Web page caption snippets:
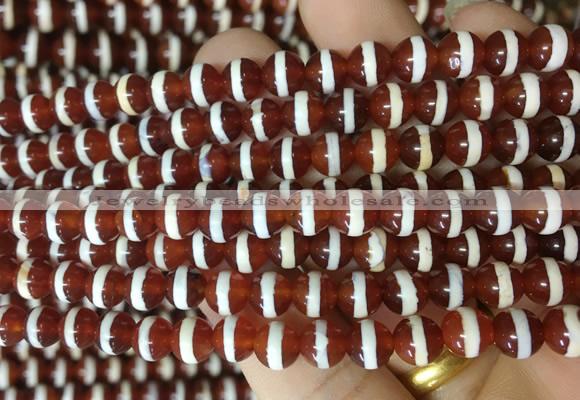 AGBS187 15 inches 6mm round tibetan dzi agate beads wholesale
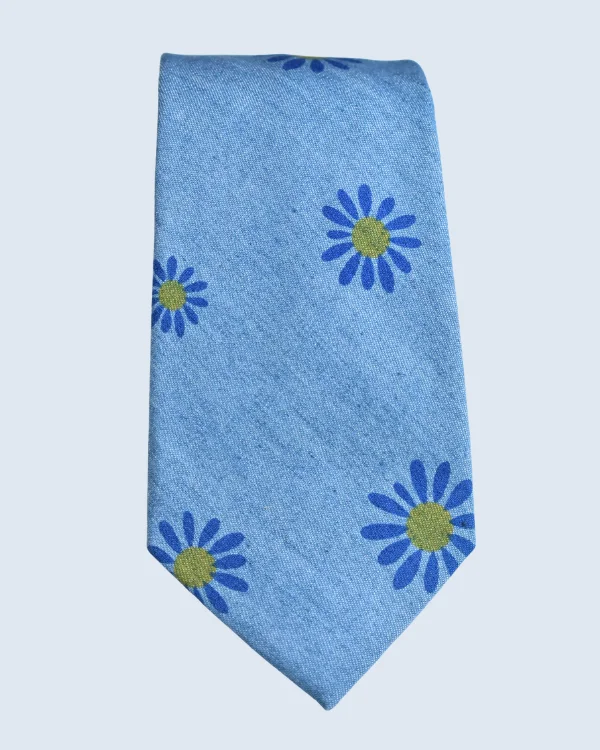 Light Blue, Blue and Yellow Floral Formal Necktie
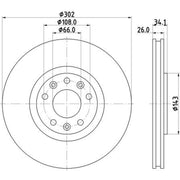 Mintex Front Brake Discs & Pads fits Peugeot Rcz 2010-2015 1.6 2.0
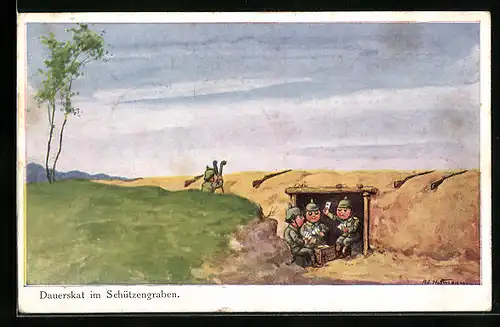 Künstler-AK Ad. Hoffmann: Dauerskat im Schützengraben, Soldaten spielen Karten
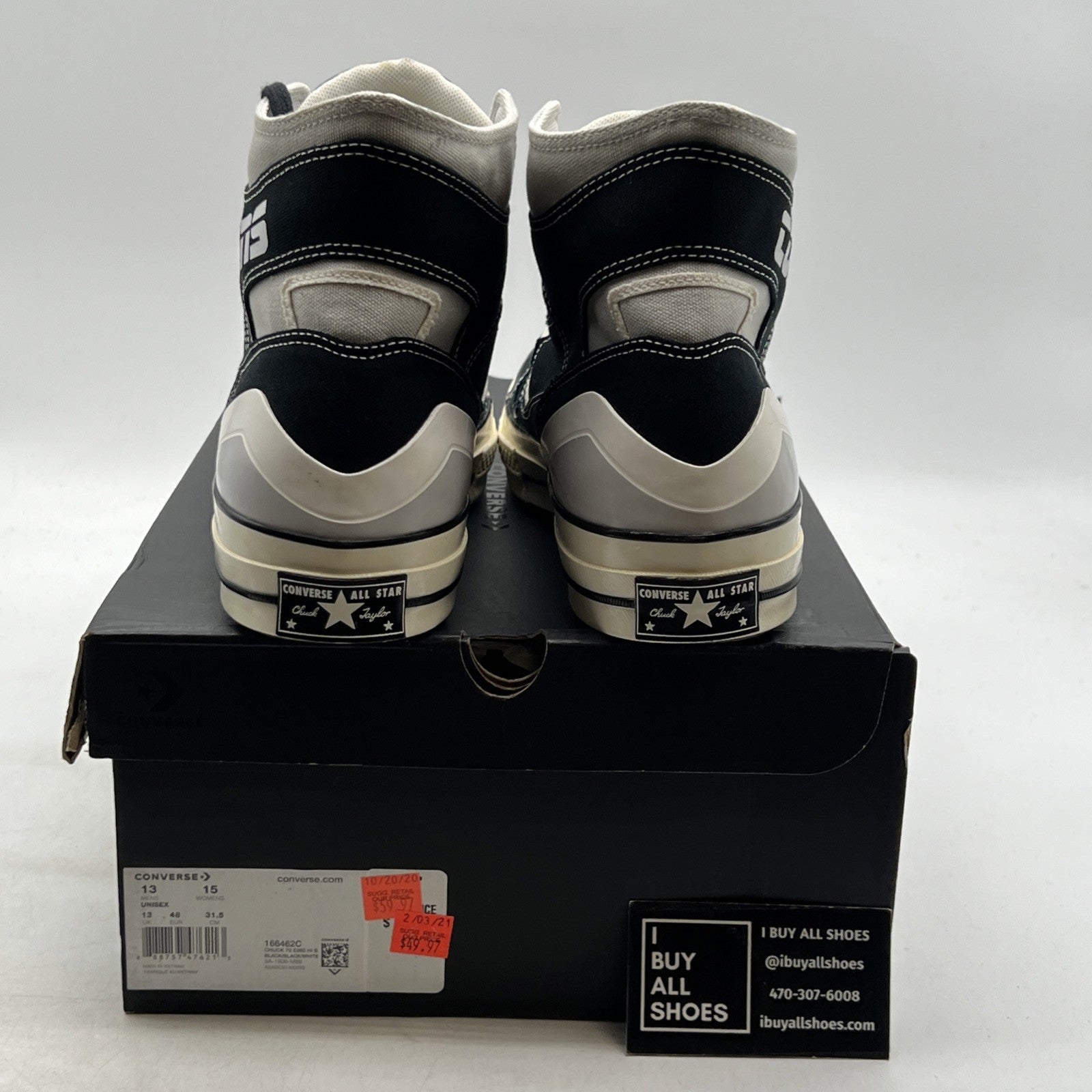 Size 13 - Converse Chuck 70 E260 High Black/White (166462C)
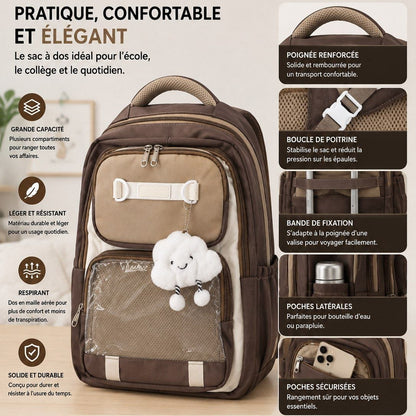 Sac à Dos Scolaire Multi-Poches avec Fenêtre Transparente – Cartable Ergonomique Style Kawaii (Médical)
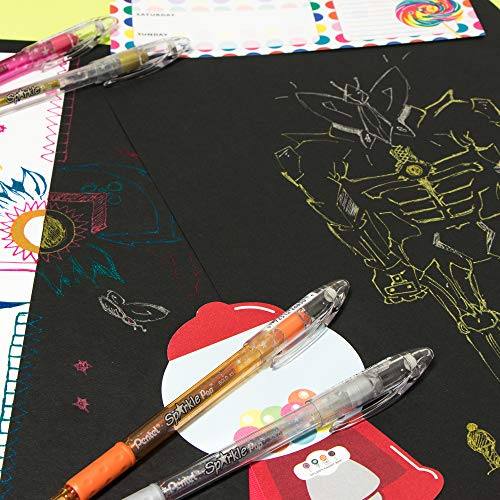 Pentel Sparkle Pop Iridescent Gel Pens, (1.0mm) Bold Lines, Assorted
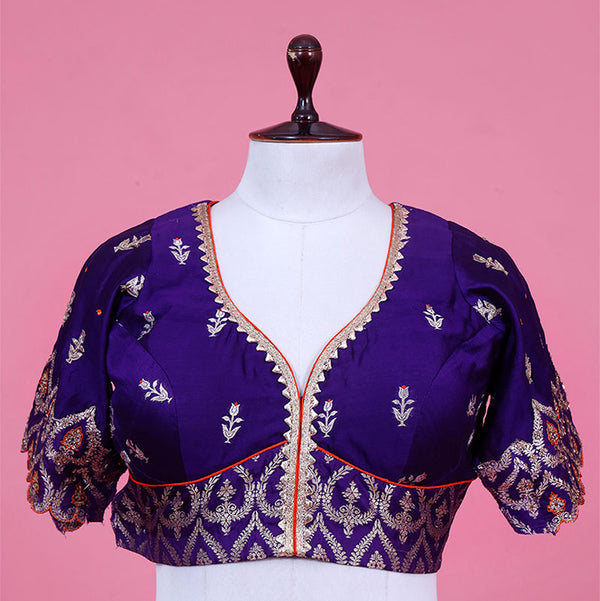 Purple Banarasi Silk Blouse with Kadhwa Motifs and Handwork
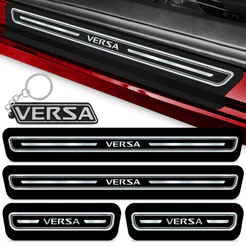 Kit Soleira Porta Versa 2011 A 2019 Preto Cromado Chaveiro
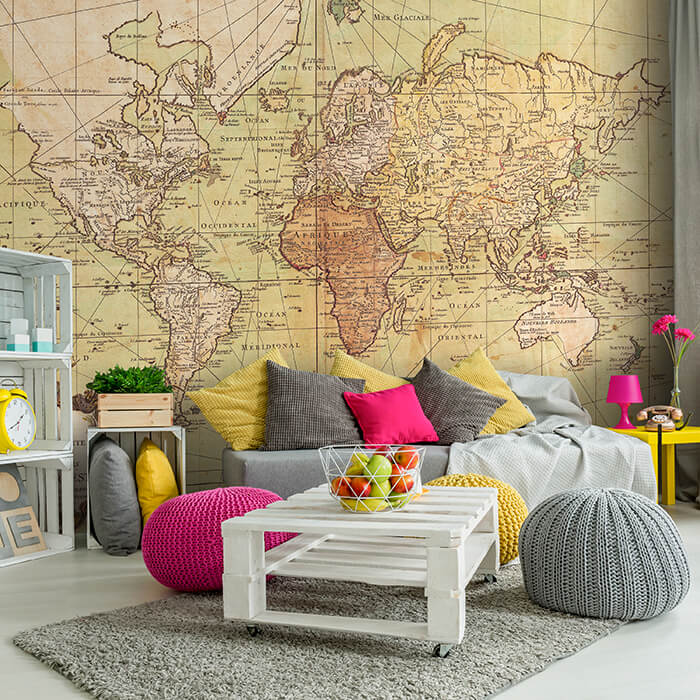 Fototapete alte Weltkarte historisch M6649 - Bild 1 Fototapete alte Weltkarte historisch M6649 - Bild 1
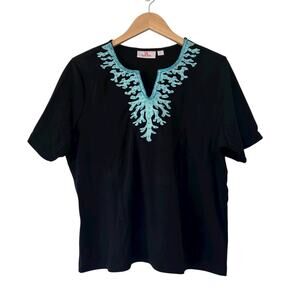 Quacker Factory Black Blue Embroidered Split Neck Shirt Sz L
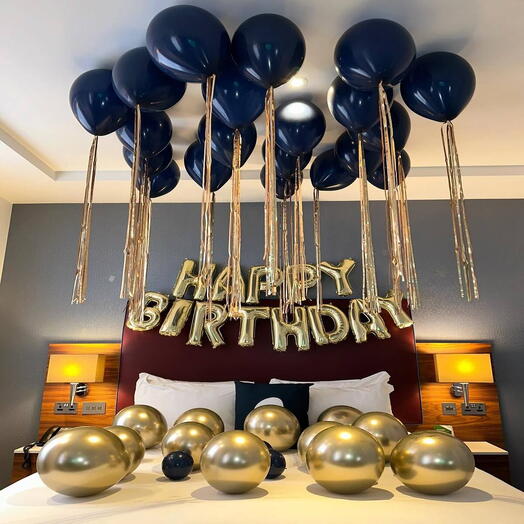 "Midnight Gold" Luxury Room Decor - Navy Blue   Gold Birthday Set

» **EXERCISE DESCRIPTION**
Take the records above from the line with "Künstler-AK Ad. Hoffmann: Dauerskat" down to their last line and please copy those lines exactly, without the pictures.

» **EXPECTED ANSWER**
 Künstler-AK Ad. Hoffmann: Dauerskat im Schützengraben, Soldaten spielen Karten
 Size 13 - Converse Chuck 70 E260 High Black/White (166462C)
 Sac à Dos Scolaire Multi-Poches avec Fenêtre Transparente – Cartable Ergonomique Style Kawaii (Médical)
 Pentel Sparkle Pop Iridescent Gel Pens, (1.0mm) Bold Lines, Assorted
 Purple Banarasi Silk Blouse with Kadhwa Motifs and Handwork
 Kit Soleira Porta Versa 2011 A 2019 Preto Cromado Chaveiro
 Fototapete alte Weltkarte historisch M6649 - Bild 1 Fototapete alte Weltkarte historisch M6649 - Bild 1
 Quacker Factory Black Blue Embroidered Split Neck Shirt Sz L
 "Midnight Gold" Luxury Room Decor - Navy Blue   Gold Birthday Set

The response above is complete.